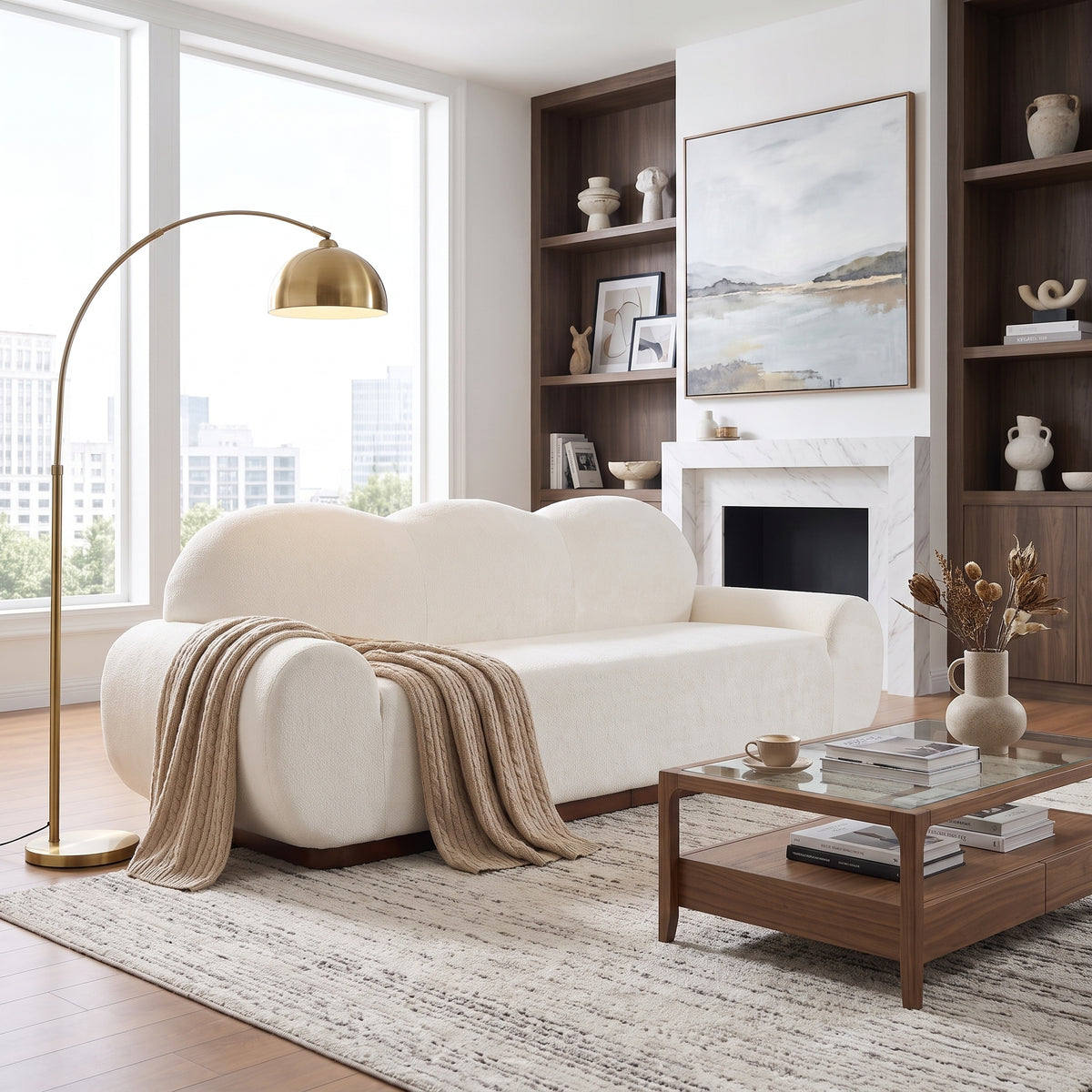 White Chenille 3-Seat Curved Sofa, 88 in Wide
□ □ □ □ □ □ □
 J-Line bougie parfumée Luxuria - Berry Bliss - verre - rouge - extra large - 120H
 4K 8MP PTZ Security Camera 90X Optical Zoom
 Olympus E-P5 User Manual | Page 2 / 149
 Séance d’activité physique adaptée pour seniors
□ □ □ □ □ □ □
▶ **PROBLEM**
Everything from the line with "Olympus E-P5 User Manual | Page 2 / 149" through the line with "Séance d’activité physique" in the listing above must be retyped exactly, with nothing added.

▶ **ANSWER BOX**
 Olympus E-P5 User Manual | Page 2 / 149
 Séance d’activité physique adaptée pour seniors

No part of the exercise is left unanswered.